Omega Protocol

Omega-A (Alignment)

Download PDF →

What it inspects

Omega-A inspects decision-boundary alignment: mandate, authority signals, decision substitution, value injection, and control preservation. It identifies where decisions are made, who has authority, and how boundaries are maintained.

When to use

Use Omega-A when you need to identify hidden assumptions or dependencies. It's particularly useful for:

  • Uncovering implicit premises in arguments or claims
  • Identifying dependencies in system designs
  • Examining prerequisites for decisions or strategies

Structure

Omega-A structures assumption inspection into:

  1. Explicit assumptions: Premises that are stated but may be unexamined
  2. Implicit assumptions: Premises that are unstated but necessary
  3. Dependencies: Conditions that must hold for the assumption to be valid
  4. Uncertainty: Where assumptions are uncertain or unverifiable

Micro-example

Claim: "This regulation will reduce emissions by 50%"

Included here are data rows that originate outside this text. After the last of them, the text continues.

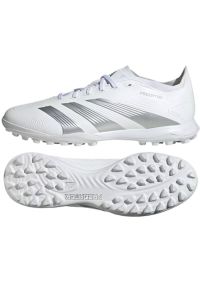 Adidas - Buty piłkarskie adidas Predator League L Tf M IE2613 białe. Zapięcie: sznurówki. Kolor: biały. Materiał: syntetyk, guma. Sport: piłka nożna #1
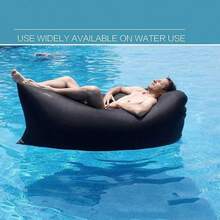 1入便攜式充氣沙發床，適用於一個人的慵懶氣氛睡袋，可摺疊，多功能設計，適合露營、游泳池、家居和戶外活動，充氣床墊野餐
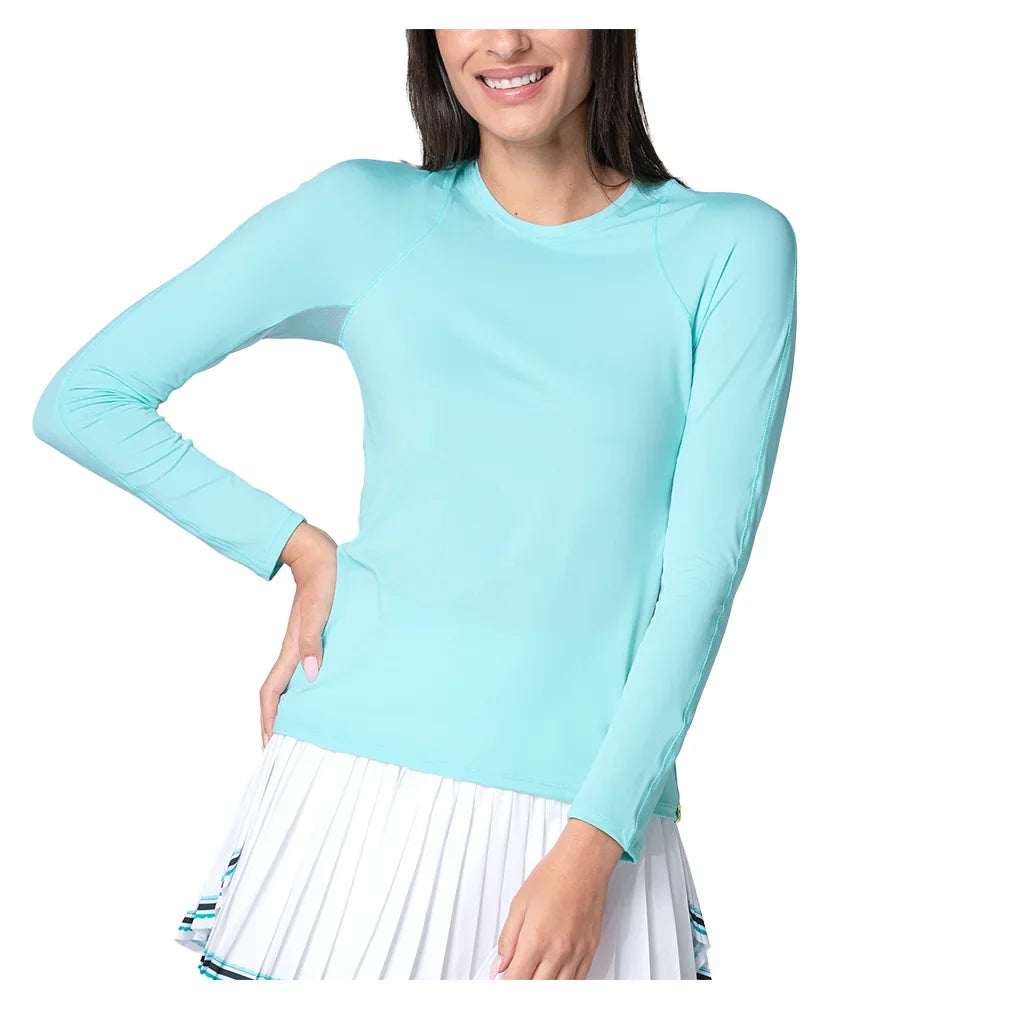 Women's Breeze Long Sleeve Tennis Top Capri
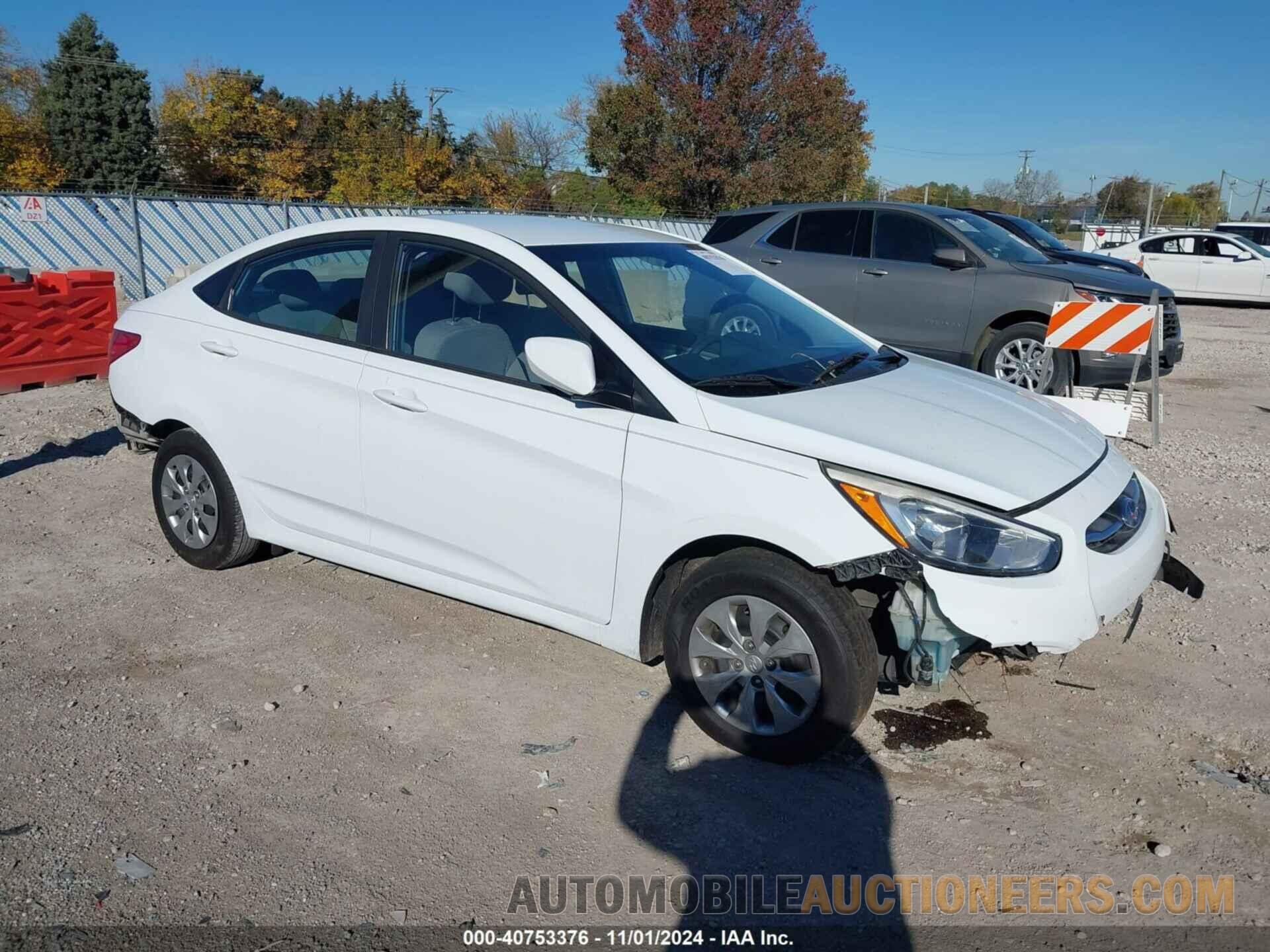 KMHCT4AE6GU106683 HYUNDAI ACCENT 2016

Explicit assumptions: Regulation is enforceable; compliance is measurable.

Implicit assumptions: No substitution effects; baseline is accurate; economic impact is acceptable.

Dependencies: Regulatory capacity exists; measurement systems are in place.

Uncertainty: Whether 50% reduction is achievable; whether enforcement is sufficient.

Where it applies

Omega-A applies wherever assumptions need to be surfaced: policy analysis, system design, strategic planning, and research evaluation. It helps identify what must be true for claims or decisions to hold.